===== STORED DATA

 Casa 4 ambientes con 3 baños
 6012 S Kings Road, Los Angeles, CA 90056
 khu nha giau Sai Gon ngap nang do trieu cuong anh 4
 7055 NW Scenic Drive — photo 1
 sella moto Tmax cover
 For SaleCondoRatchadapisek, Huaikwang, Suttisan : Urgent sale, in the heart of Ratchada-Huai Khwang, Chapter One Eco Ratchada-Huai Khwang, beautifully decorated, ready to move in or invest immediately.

==========
===== STORED DATA

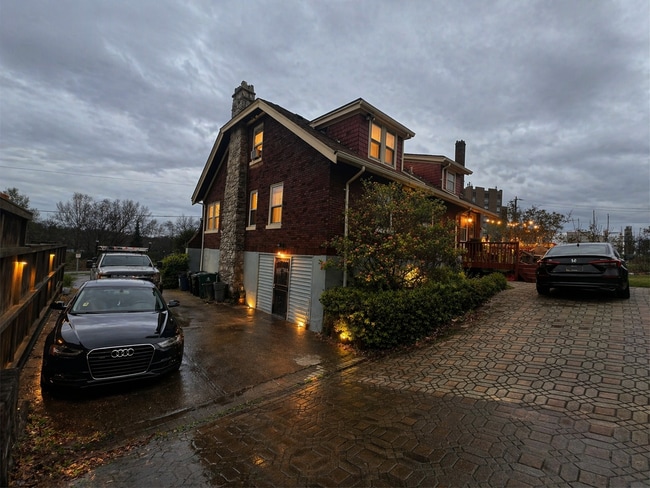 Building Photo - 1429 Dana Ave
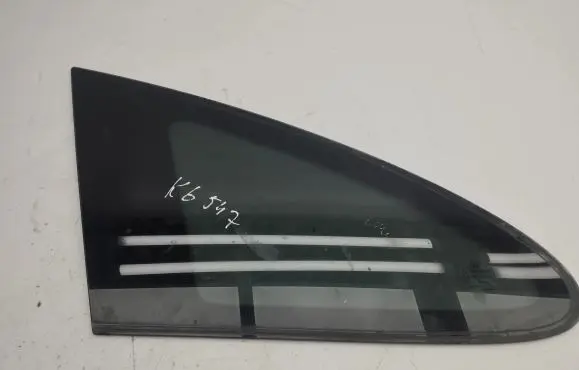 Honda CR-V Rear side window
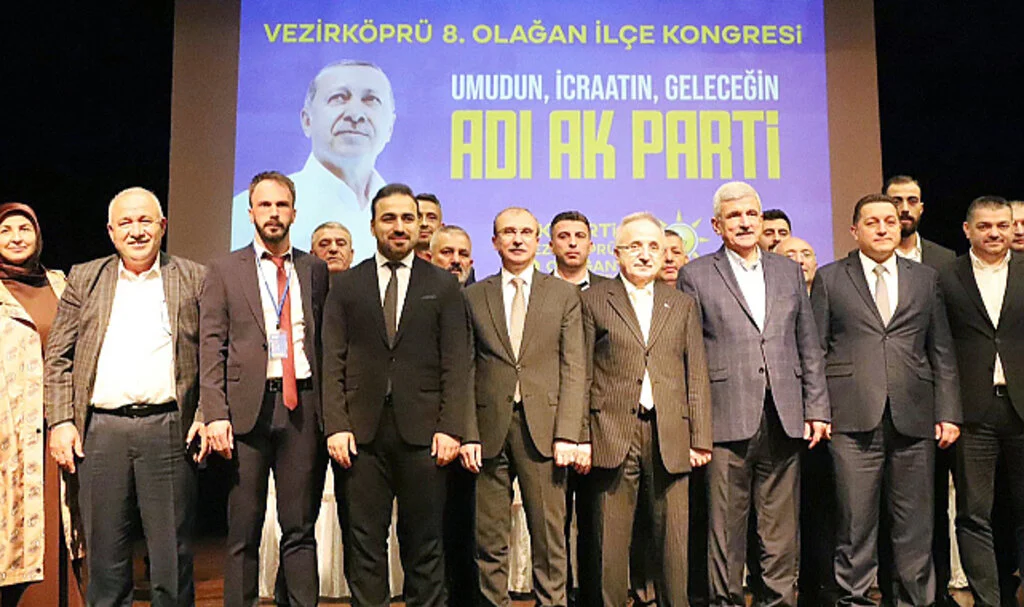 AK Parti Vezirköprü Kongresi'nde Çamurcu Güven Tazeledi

==========
===== STORED DATA

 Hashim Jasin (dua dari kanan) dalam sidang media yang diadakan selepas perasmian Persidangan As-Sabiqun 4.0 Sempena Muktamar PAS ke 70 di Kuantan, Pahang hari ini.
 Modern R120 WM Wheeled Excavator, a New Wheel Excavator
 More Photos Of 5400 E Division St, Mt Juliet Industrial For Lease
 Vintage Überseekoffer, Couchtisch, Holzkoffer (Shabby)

==========

Set down, exactly as they stand above, the lines starting with the line with "More Photos Of" and going on through the line with "Vintage Überseekoffer, Couchtisch, Holzkoffer", and no others.

 More Photos Of 5400 E Division St, Mt Juliet Industrial For Lease
 Vintage Überseekoffer, Couchtisch, Holzkoffer (Shabby)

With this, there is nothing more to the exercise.